Why? Why isn't it like the straw that broke the camel's back? When
pulling apart a network, link by link, there will be a link removed
that causes the network to go from being almost fully connected to
being disconnected. It need not be the same link each time, it will
depend on the order in which the links are removed.
I made a similar criticism against David Parfitt's Napoleon thought
experiment a couple of years ago on this list - I understand that
fading qualia is a popular intuition, but it just seems wrong to
me. Can anyone give me a convincing reason why the suddenly
disappearing qualia notion is absurd?
Fading qualia would result in a partial zombie, and that concept is
self-contradictory. It means I could be a partial zombie now,
completely blind since waking up this morning, but behaving normally
and unaware that anything unusual had happened. The implications of
this is that zombie vision is just as good as normal vision in every
objective and subjective way, so we may as well say that it is the
same as normal vision. In other words, the qualia can't fade and leave
the behaviour of the brain unchanged.
I think this is a dubious argument based on our lack of understanding of
qualia. Presumably one has many thoughts that do not result in any
overt action. So if I lost a few neurons (which I do continuously) it
might mean that there are some thoughts I don't have or some
associations I don't make, so eventually I may "fade" to the level of
consciousness of my dog. Is my dog a "partial zombie"?

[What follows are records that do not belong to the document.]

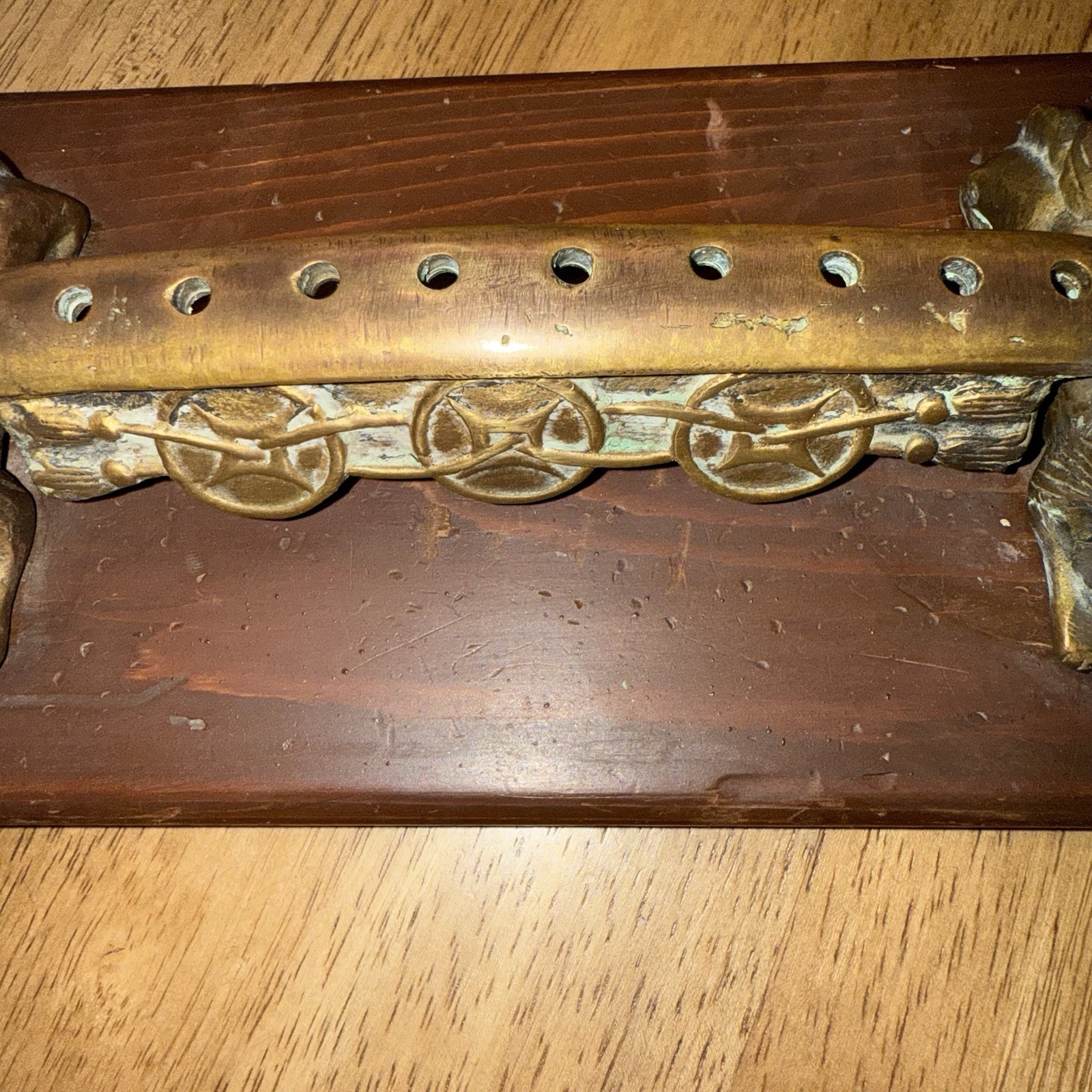 Vtg Chinese Metal Dragon Incense Burner Stand Wood Base Ornate Mythical Motif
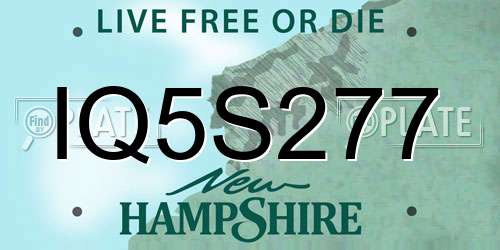 IQ5S277 New Hampshire License Plate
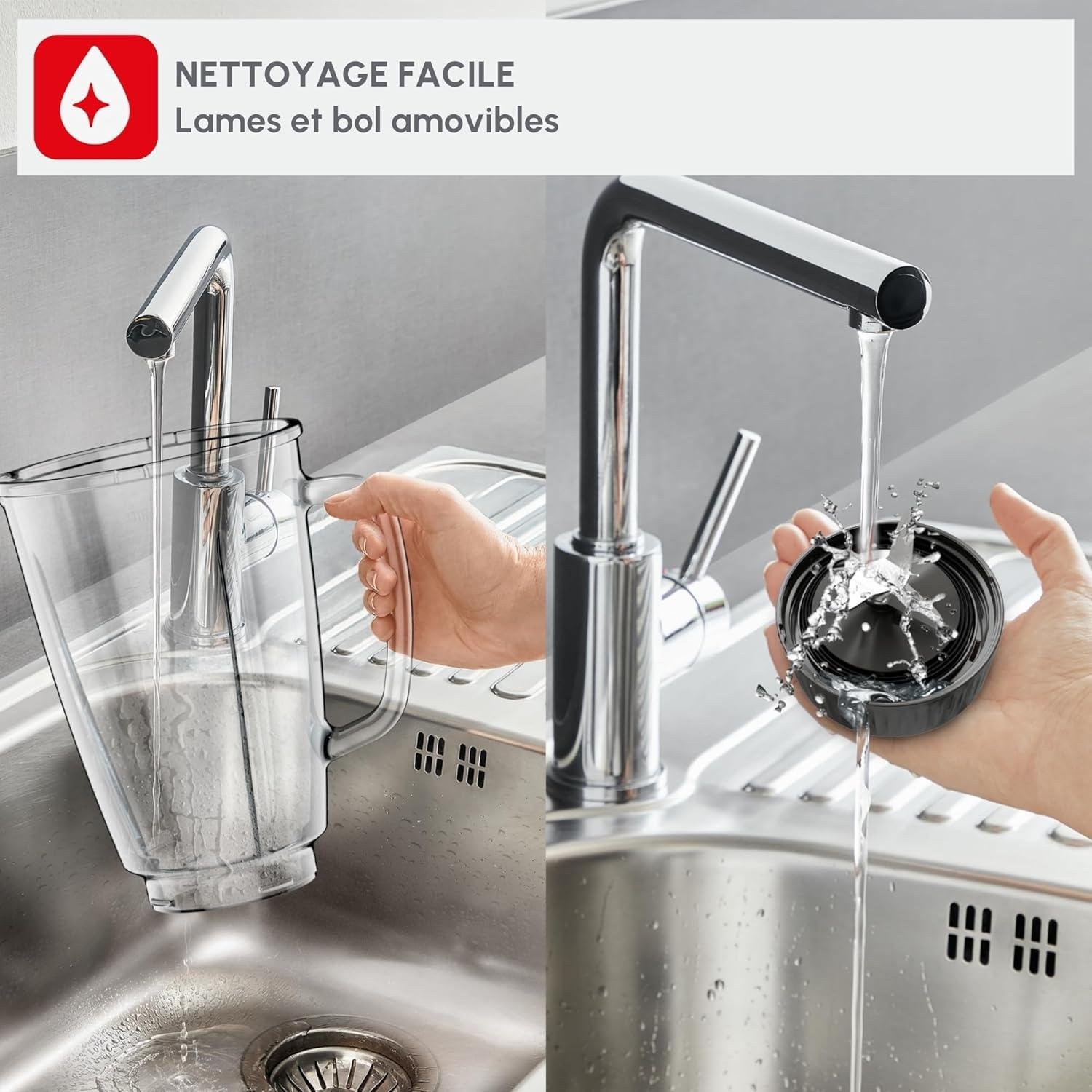 خلاط كهربائي بوعاء زجاجي بسعة 1.75 لتر وقوة 800 واط مع سرعتين ووظيفة النبض (Pulse) – Moulinex BlendForce Glass LM435810 - الصورة 7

I think the question of whether there could be a philosophical zombie is
ill posed because we don't know what is responsible for qualia. I
speculate that they are tags of importance or value that get attached to
perceptions so that they are stored in short term memory. Then, because
evolution cannot redesign things, the same tags are used for internal
thoughts that seem important enough to put in memory. If this is the
case then it might be possible to design a robot which used a different
method of evaluating experience for storage and it would not have qualia
like humans - but would it have some other kind of qualia? Since we
don't know what qualia are in a third person sense there seems to be no
way to answer that.
Chalmers thinks partial zombies are absurd but does not believe that
full zombies are prima facie absurd. Accepting this, it would seem to
be possible that one could suddenly transition from fully conscious to
fully zombified without going through an intermediate stage. For
example, this could happen with the swapping of one neuron. However,
it wouldn't be the neuron that causes the change, it would be an
infinitesimally small part of the neuron. This is because the neuron
itself, like the brain, could be replaced with functionally identical
components. For the same reason that qualia can't fade for the whole
brain, qualia can't fade for the neuron. So the qualia would have to
suddenly disappear with the swapping of one single indivisible
component of the neuron. Are you prepared to say that it is possible
there is a single subatomic particle in your brain which makes the
difference between consciousness and zombiehood?